COLLECTED DATA:
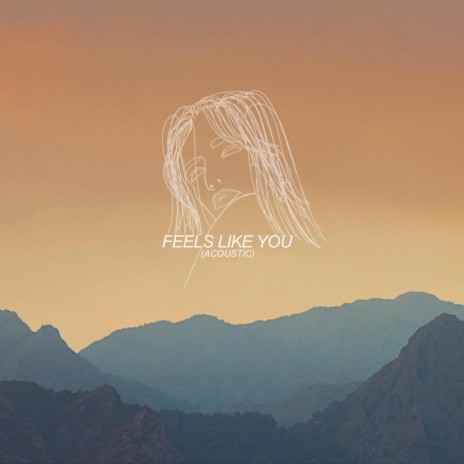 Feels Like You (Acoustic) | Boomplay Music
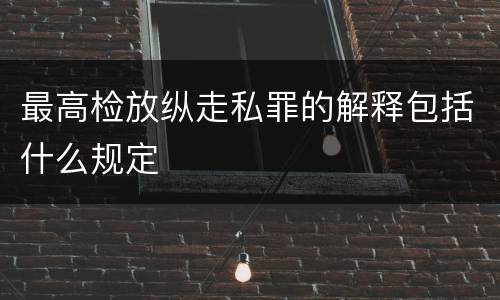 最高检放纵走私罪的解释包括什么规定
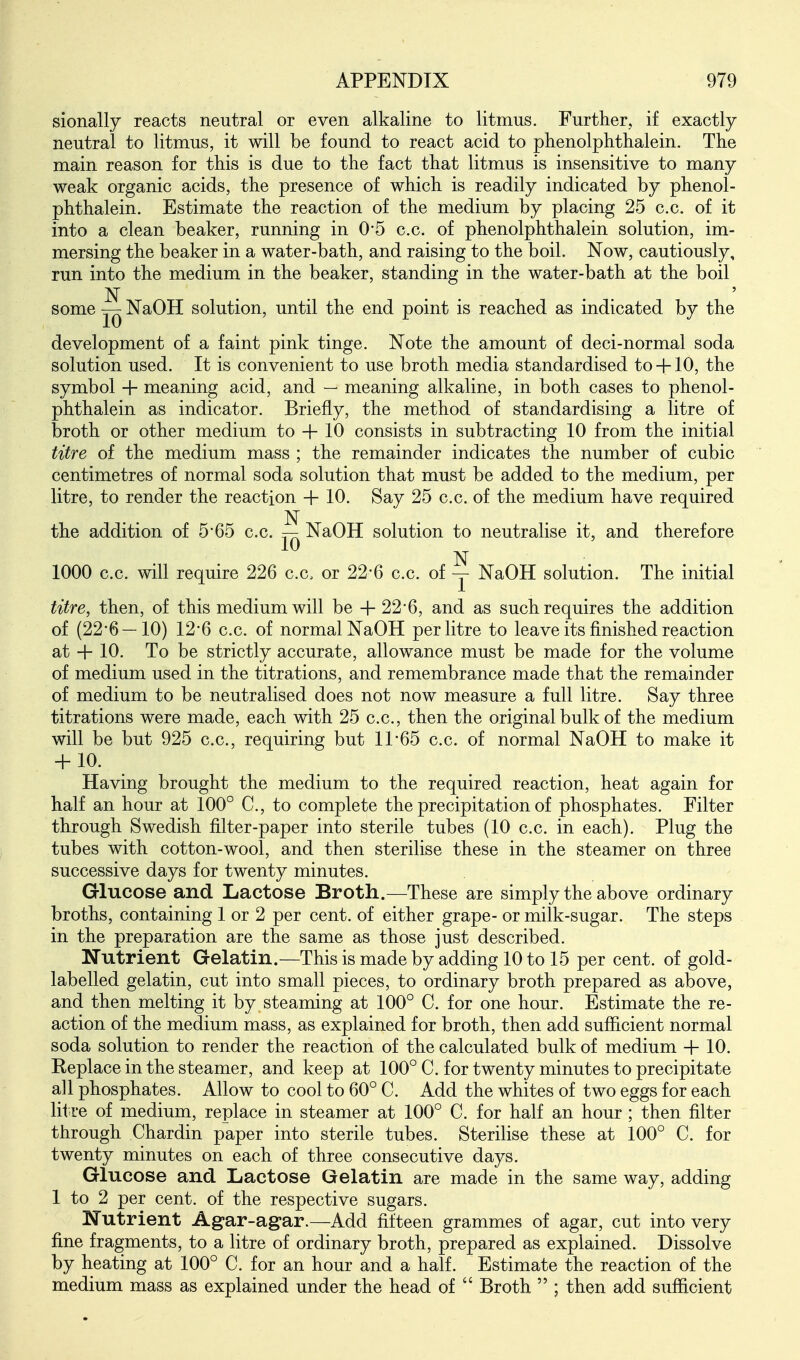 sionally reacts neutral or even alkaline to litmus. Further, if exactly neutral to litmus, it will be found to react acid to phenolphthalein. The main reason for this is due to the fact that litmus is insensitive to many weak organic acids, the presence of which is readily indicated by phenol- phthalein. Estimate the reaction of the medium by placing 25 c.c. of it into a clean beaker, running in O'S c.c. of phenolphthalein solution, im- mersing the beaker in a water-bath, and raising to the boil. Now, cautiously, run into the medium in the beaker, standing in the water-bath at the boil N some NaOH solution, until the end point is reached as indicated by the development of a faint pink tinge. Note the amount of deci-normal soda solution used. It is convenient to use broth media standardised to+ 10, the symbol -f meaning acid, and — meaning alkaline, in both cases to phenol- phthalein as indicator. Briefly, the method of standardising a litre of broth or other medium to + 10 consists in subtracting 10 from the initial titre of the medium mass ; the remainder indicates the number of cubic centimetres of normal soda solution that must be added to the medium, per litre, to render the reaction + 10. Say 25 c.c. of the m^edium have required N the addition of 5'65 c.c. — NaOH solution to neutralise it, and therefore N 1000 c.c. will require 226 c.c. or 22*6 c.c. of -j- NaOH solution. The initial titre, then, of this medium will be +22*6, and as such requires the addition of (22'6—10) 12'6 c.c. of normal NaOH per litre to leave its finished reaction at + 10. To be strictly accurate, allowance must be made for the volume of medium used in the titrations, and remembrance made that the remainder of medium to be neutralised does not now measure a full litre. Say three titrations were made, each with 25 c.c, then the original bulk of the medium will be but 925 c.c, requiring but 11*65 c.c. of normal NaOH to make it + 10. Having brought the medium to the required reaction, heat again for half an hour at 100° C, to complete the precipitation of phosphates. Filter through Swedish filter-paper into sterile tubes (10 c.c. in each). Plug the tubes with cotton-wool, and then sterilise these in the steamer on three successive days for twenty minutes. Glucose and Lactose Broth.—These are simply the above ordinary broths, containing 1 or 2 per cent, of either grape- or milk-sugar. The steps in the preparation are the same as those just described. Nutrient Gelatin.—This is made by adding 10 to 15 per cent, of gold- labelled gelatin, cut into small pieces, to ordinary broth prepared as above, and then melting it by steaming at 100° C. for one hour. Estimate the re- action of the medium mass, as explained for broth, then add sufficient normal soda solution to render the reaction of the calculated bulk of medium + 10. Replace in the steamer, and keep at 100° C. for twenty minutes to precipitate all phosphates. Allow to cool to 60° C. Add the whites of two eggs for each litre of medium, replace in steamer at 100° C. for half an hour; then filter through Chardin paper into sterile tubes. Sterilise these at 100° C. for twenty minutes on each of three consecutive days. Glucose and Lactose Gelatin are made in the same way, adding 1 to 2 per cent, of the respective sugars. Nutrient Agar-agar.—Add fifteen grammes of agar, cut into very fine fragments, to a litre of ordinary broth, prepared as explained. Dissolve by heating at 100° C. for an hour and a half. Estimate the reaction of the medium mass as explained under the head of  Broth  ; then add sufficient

TO DO: Word for word, output the whole listing, but not its pictures.

RESULT OF THE TASK:
 Feels Like You (Acoustic) | Boomplay Music
 最高检放纵走私罪的解释包括什么规定
 sionally reacts neutral or even alkaline to litmus. Further, if exactly neutral to litmus, it will be found to react acid to phenolphthalein. The main reason for this is due to the fact that litmus is insensitive to many weak organic acids, the presence of which is readily indicated by phenol- phthalein. Estimate the reaction of the medium by placing 25 c.c. of it into a clean beaker, running in O'S c.c. of phenolphthalein solution, im- mersing the beaker in a water-bath, and raising to the boil. Now, cautiously, run into the medium in the beaker, standing in the water-bath at the boil N some NaOH solution, until the end point is reached as indicated by the development of a faint pink tinge. Note the amount of deci-normal soda solution used. It is convenient to use broth media standardised to+ 10, the symbol -f meaning acid, and — meaning alkaline, in both cases to phenol- phthalein as indicator. Briefly, the method of standardising a litre of broth or other medium to + 10 consists in subtracting 10 from the initial titre of the medium mass ; the remainder indicates the number of cubic centimetres of normal soda solution that must be added to the medium, per litre, to render the reaction + 10. Say 25 c.c. of the m^edium have required N the addition of 5'65 c.c. — NaOH solution to neutralise it, and therefore N 1000 c.c. will require 226 c.c. or 22*6 c.c. of -j- NaOH solution. The initial titre, then, of this medium will be +22*6, and as such requires the addition of (22'6—10) 12'6 c.c. of normal NaOH per litre to leave its finished reaction at + 10. To be strictly accurate, allowance must be made for the volume of medium used in the titrations, and remembrance made that the remainder of medium to be neutralised does not now measure a full litre. Say three titrations were made, each with 25 c.c, then the original bulk of the medium will be but 925 c.c, requiring but 11*65 c.c. of normal NaOH to make it + 10. Having brought the medium to the required reaction, heat again for half an hour at 100° C, to complete the precipitation of phosphates. Filter through Swedish filter-paper into sterile tubes (10 c.c. in each). Plug the tubes with cotton-wool, and then sterilise these in the steamer on three successive days for twenty minutes. Glucose and Lactose Broth.—These are simply the above ordinary broths, containing 1 or 2 per cent, of either grape- or milk-sugar. The steps in the preparation are the same as those just described. Nutrient Gelatin.—This is made by adding 10 to 15 per cent, of gold- labelled gelatin, cut into small pieces, to ordinary broth prepared as above, and then melting it by steaming at 100° C. for one hour. Estimate the re- action of the medium mass, as explained for broth, then add sufficient normal soda solution to render the reaction of the calculated bulk of medium + 10. Replace in the steamer, and keep at 100° C. for twenty minutes to precipitate all phosphates. Allow to cool to 60° C. Add the whites of two eggs for each litre of medium, replace in steamer at 100° C. for half an hour; then filter through Chardin paper into sterile tubes. Sterilise these at 100° C. for twenty minutes on each of three consecutive days. Glucose and Lactose Gelatin are made in the same way, adding 1 to 2 per cent, of the respective sugars. Nutrient Agar-agar.—Add fifteen grammes of agar, cut into very fine fragments, to a litre of ordinary broth, prepared as explained. Dissolve by heating at 100° C. for an hour and a half. Estimate the reaction of the medium mass as explained under the head of  Broth  ; then add sufficient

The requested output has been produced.